My First Unix
When I was in high school in the 1990’s I thought I was some sort of hot sh*t super coder hacker type dude. I was fluent in assembler on my 486, knew MS-DOS inside and out to the point of hot patching and rewriting parts of it, wrote my own TSR multi-tasker, cracked shareware with debug.com, and wrote graphics demos that weren’t in the same ballpark as the real demoscene stuff, but I’d managed to convince myself were pretty good anyway. Hell, I was even the ‘go to’ guy in my peer group when it came to cracking OS/2 software. 486’s running MS-DOS (and occasionally OS/2) were obviously the entire computing world, and I was the best programmer in my small town, and that was all there was to that. Then a family friend who’d and gone off to college came back to visit.
“Do you know any Unix?” he asked me, “Its kind of a big deal”
And while I doubt I would have admitted it at the time, I had never heard of Unix, and it turns out, it is kind of a big deal.

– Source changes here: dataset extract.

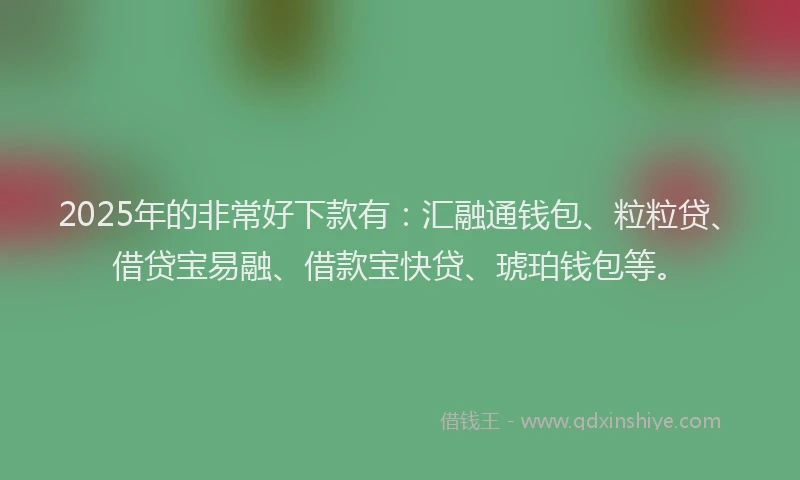 2025年的非常好下款有：汇融通钱包、粒粒贷、借贷宝易融、借款宝快贷、琥珀钱包等。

My first experience with a Unix-like OS came in my Junior year of high school. It was the early 1990’s and there was this internet thing I’d heard a lot about, but didn’t quite understand. (What do we need the internet for anyway really, when we have all these cool local BBS systems). A business a couple of towns over had a BBS for some sort of business purpose that I never quite understood, and if you called up the right person at the company and asked nicely, they would give free access to the general public to log in and use the system on nights and weekends.
The draw of this BBS, over any of the myriad of other local BBS’s run by teenage kids out of their bedrooms and basements (including the one by that time running out of my basement), was that it had “The Internet”, whatever that meant. “The Internet” in this case turned out to be an online door program, just like all the games I played at other BBSs’, but in this case, it just dropped you at a command prompt. Thankfully the BBS also had some instructions you could download, to get started. There was a ‘www’ program, which seemed dumb to me, no future in this world wide web thing, certainly, but there was also this thing called ‘ftp’, which was most certainly not dumb.
The BBS’s internet gateway was running Linux, of course, I forget the exact version but I recall it was kernel version 0.99 something or other. I knew just enough to ftp to a site, go to a directory that looked interesting, download the index file, then use ‘!’ to spawn a subshell and open the file in ‘vi’ to read the descriptions of each file and pick the ones I wanted to download, then exit the editor (Esc :q! seemed like the most random way to quit a program to me at the time), exit the subshell, ‘GET’ the files, and then finally quit ftp and the door and back to the BBS. Then another door to copy files from the Linux box to the BBS, and finally a file transfer area to actually download to my computer over the modem (a blazing 28.8k I believe by that time).
At the time, I had zero interest or understanding of what this Linux thing was. To me it was a glorified ftp client. It seemed clunky and had random weird commands and keystrokes for everything. It was nothing but a weird tool I needed to use to get awesome files from all over the world, and I used it to download all sorts of esoteric information and code to teach myself even more about the important world of computing– MS-DOS on a 486 home computer. I downloaded stuff like co-routine libraries for Turbo C, and specifications for accessing DPMI, the important stuff.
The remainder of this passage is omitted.